Recently I was reading a book on the year 2012, what that year means, ect. I was actually just getting interested in what the author had to say when she wrote: "Over two millennia After the Death of Christ." I get it, really I do: you're trying to figure out a more creative way to say the year. Why not write out AD? However, AD is “Latin for Year of our Lord Jesus Christ,” not After Death. It's a common mistake that people make all the time. Had this been a high school paper, or a random post on the internet, I might have just moved past it. This book was written by a supposed historian. Shouldn't a historian know what AD means? With this "small mistake," She discredited herself, and made me wonder if any of her facts were accurately researched.

This is a just a brief example of "knowing your stuff." If you don't know something, research it.... or cheat. Cheat? you ask. I know you've been taught not to cheat, but I don't mean that kind of cheating. A cheat would be working the story around so it’s not obvious that you don’t know a certain piece of information.

Example: She loaded an arrow into the crossbow, and took aim.

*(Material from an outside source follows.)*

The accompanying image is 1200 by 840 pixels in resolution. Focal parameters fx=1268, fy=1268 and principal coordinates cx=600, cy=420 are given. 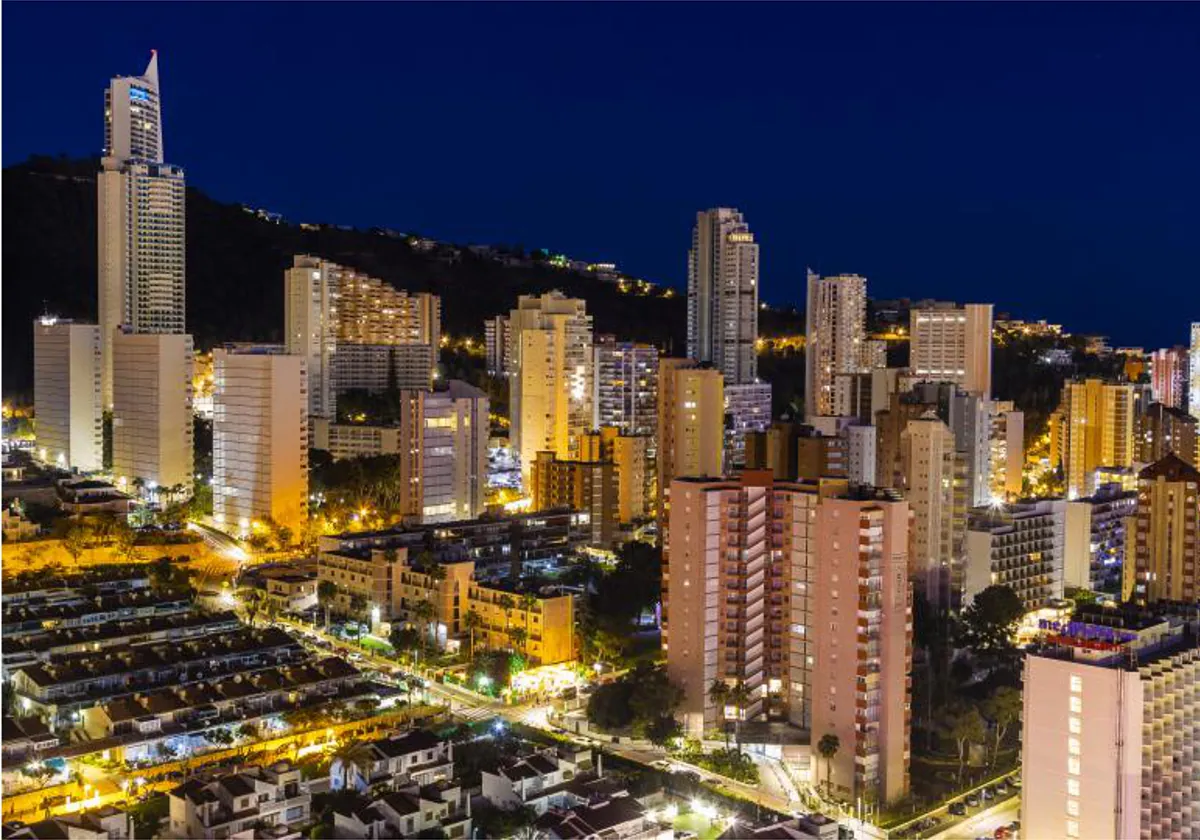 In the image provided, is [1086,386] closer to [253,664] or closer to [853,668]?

I feel like playing "what's wrong with this sentence, fantasy style." ;) The sentence itself is perfectly fine. Except, Crossbows don't fire arrows, they fire bolts or, occasionally, quarrels. So you could easily fix this sentence with:

She loaded a bolt into the crossbow, and took aim.

What's wrong with this sentence? Nothing, but as a writer you want to make sure your reader is completely immersed in the story. Unless you have explained what a bolt is, which could be superfluous in a story, it might be best just to cheat the sentence. How would that work?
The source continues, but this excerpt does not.